A gente performa o tempo todo. Até em algo que deveria ser banal: um jantar em família com frango assado. A psicanalista e colunista da Folha Carol Tilkian conta que, mesmo aí, sente necessidade de levar à mesa pautas interessantes, como sua opinião sobre a guerra mais recente. Todos temos que entreter o tempo inteiro.
Mas sobra espaço para conexões genuínas?

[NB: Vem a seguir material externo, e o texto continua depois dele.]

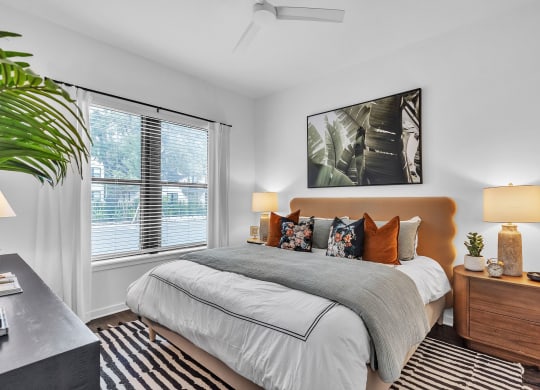 a bedroom with a bed and a large window  at La Unión, Florida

Em sua primeira mesa deste domingo (8), Dia da Mulher, o Festival Fronteiras convidou Tilkian e outras três mulheres para debater um diagnóstico recorrente da vida contemporânea: nunca estivemos tão conectados e, ao mesmo tempo, tão solitários.
Participaram também a atriz e escritora Maria Ribeiro, a psicóloga e escritora Geni Núñez e a jornalista Camila Fremder. Entre teoria e prática, o papo se aprofundou em como a interação digital transformou a maneira como as pessoas se relacionam.
Ribeiro contou que têm trocado o WhatsApp por esse hábito vintage que é atender telefonemas. Para ela, a comunicação instantânea tirou algo essencial da convivência. “A gente desaprendeu a se surpreender.”
Com as redes sociais, afinal, tudo se torna previsível. Fremder lembrou de como a internet alterou rituais sociais antes cheios de expectativa —como as festas da sua adolescência, quando ficava ansiosa se o menino de quem gostava apareceria. “A gente tinha que fazer a mãe Dinah”, brincou. Então veio o Facebook, com suas confirmações de presença, que acabou com isso.
Para Fremder, o excesso de conexões também mudou a percepção sobre amizade. Ela segue um monte de gente, mas nem sabe quantos amigos de verdade tem. Quatro, talvez?
Tilkian evocou o conceito sociológico de “tempo das intimidades frias”. Segundo ela, a abundância de canais de comunicação não significa necessariamente proximidade real. “Temos muita conexão e pouco vínculo”, afirmou. Para a psicanalista, boa parte das relações é mediada por algum tipo de performance.
Ela defendeu o que chamou de “ligações kamikaze”: telefonemas sem aviso prévio, feitos simplesmente para falar com alguém. Porque hoje até para ligar parece que precisamos pedir autorização antes. O receio de incomodar o outro, diz, ela, é sintoma do “mito das relações leves” que se impõe em muitos casos.
“É essa falácia da amizade leve e sem atrito, sem muita demanda. Então imagina se você vai ligar para o outro e atrapalhar ele.”
Daí todo mundo performar muito na superfície, sem aprofundar muito. “A gente está morrendo de fome emocionalmente porque você interdita os assuntos pesados, o climão”, afirma Tilkian.
Ela mencionou pesquisas que apontam para a mesma sensação de escassez afetiva, como uma que indica que um a cada quatro brasileiros sente ter apenas um amigo próximo.
Núñez trouxe ao debate uma perspectiva indígena ao lembrar de uma conversa com lideranças do povo Kalapalo. Segundo ela, os Kalapalo são conhecidos como “povo da brincadeira”. Enquanto na sociedade urbana brincar costuma ser visto como recreio ou intervalo, ali é parte central da vida.
“Eles fazem o brinquedo toda vez que vão brincar”, disse. “Não é algo pronto.” Para Núñez, essa ideia ajuda a pensar as relações como algo que se constrói continuamente —e não como estruturas prontas.
A psicóloga falou sobre metamorfoses nas relações familiares. Até poucas décadas atrás, lembrou, o divórcio era proibido no Brasil. “O direito de ficar é tão precioso quanto o direito de ir embora”, afirmou.
Relações mantidas apenas por obrigação, disse, muitas vezes escondiam violência. “Talvez a família feliz seja desunida”, disse, sugerindo modelos mais flexíveis de convivência.
A influenciadora Virginia também rendeu impressões do quarteto. Com ela, criamos uma falsa sensação de intimidade, como se o que ela expõe nas redes contasse a história toda.
A questão é entender quão vazias podem ser essas trocas virtuais, sejam elas com uma celebridade ou pessoas do seu círculo pessoal. Tilkian lembrou do contrato de Virginia com empresas de bets para refletir: “Somos um país que aposta no tigrinho, mas não aposta no amor”.